Mapping the Landscapes of Childhood will be held May 5-7, 2011 at the University of Lethbridge in Alberta.
Conference Themes and Questions (from the call)
Definitions of Childhood: invented or discovered: Who gets to define childhood? What counts as a good childhood? A “normal” childhood? How have been childhoods defined in various media (art, literature, social science, science)? By what measures? And at what historical junctures?
Indigenous theories of childhood: What alternate models of childhood and development exist? How can they be found? Interpreted? Shared? What is therole of the child and childhood in other societies? What rights, and responsibilities do they have?
Gender: How do the categories of gender and child overlap, extend, elaborate or contradict one another? How do sex, gender and sexuality shape the experience of childhood? What are the policy effects of concerns about boys at risk or girls at play?
Globalization: How do global models of childhood interact with local conceptions? Do global educational standards contradict or support local sovereignty? What are the effects of migration, diaspora, refugee status on childhood? How does globalization affect the commoditization of childhood?
Empowerment: What are the social and policy implications for a child-centred approach to human rights? How can we understand child agency in terms of violence and the law? What can empowerment mean for the very young child?

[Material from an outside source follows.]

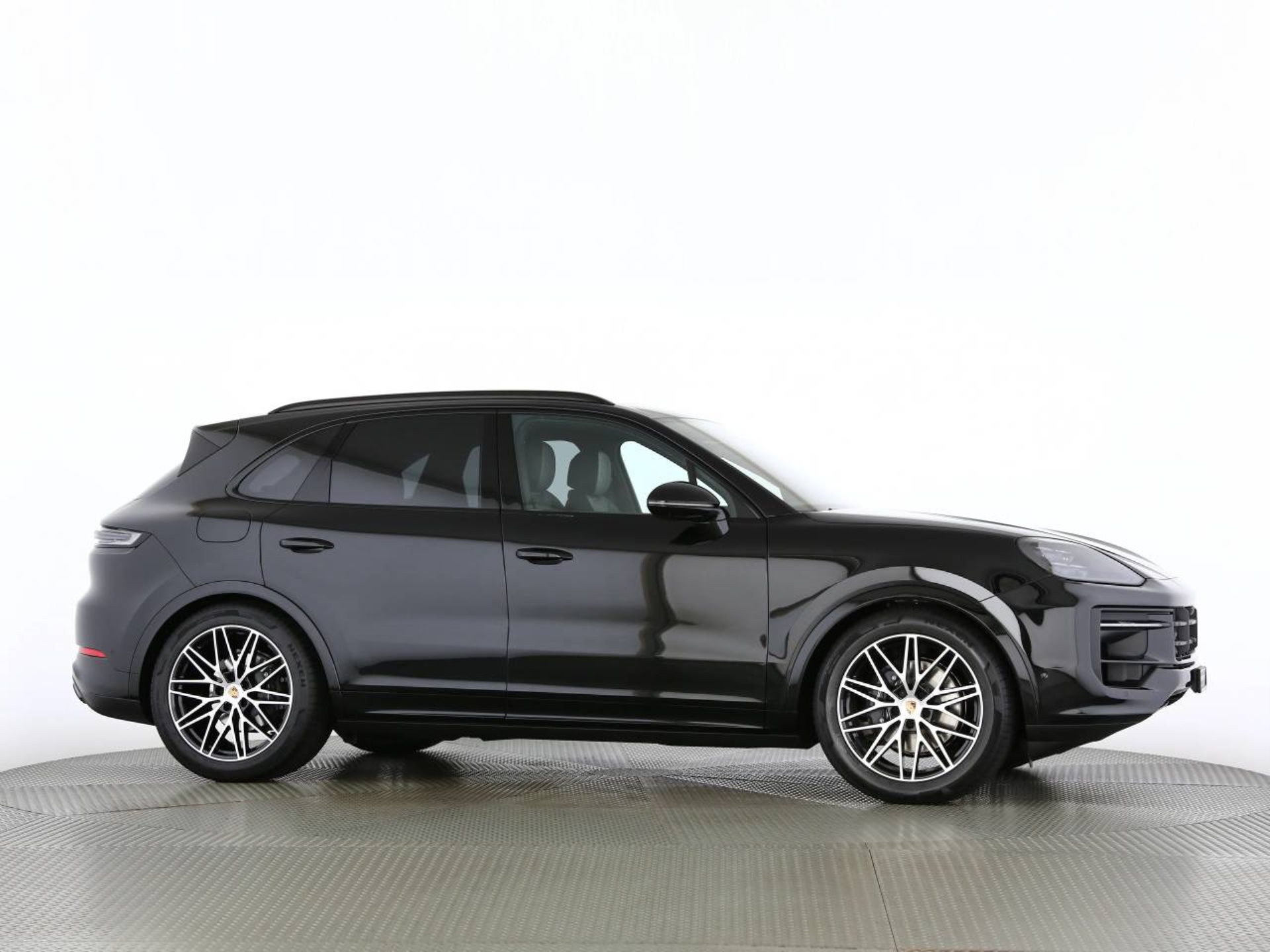PORSCHE Cayenne Black Edition-image-25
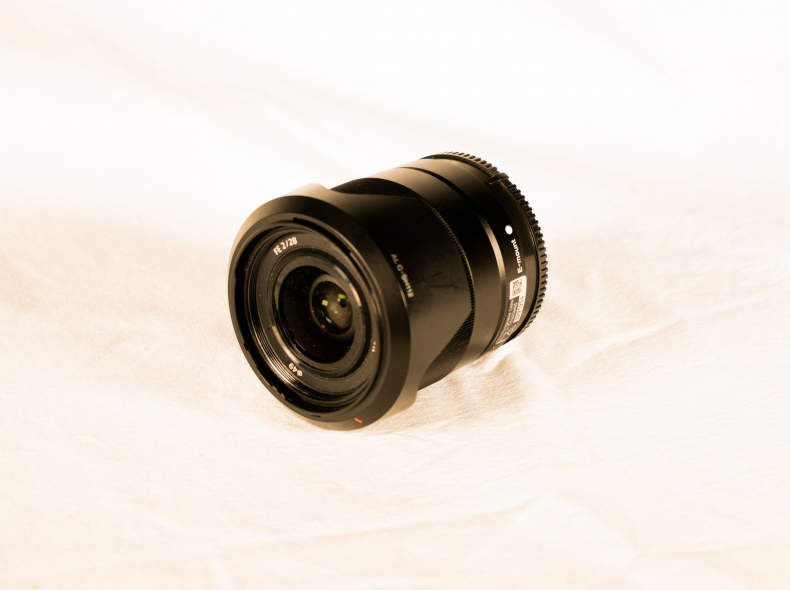 25226 Sony FE Objektiv (f/2, 28mm)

Patrizia Albanese (Centre for Children, Youth and Families, Ryerson University)
Mona Gleason (University of British Columbia)
Allison James (Interdisciplinary Centre of the Social Sciences, University of Sheffield)
Perry Nodelman (Professor Emeritus, University of Winnipeg)
Mavis Reimer (Canada Research Chair in the Culture of Childhood and Director of the
Centre for Research in Young People’s Texts and Cultures, University of Winnipeg)
Richard Tremblay (Research Unit on Children’s Psychosocial Maladjustment, University of Montreal).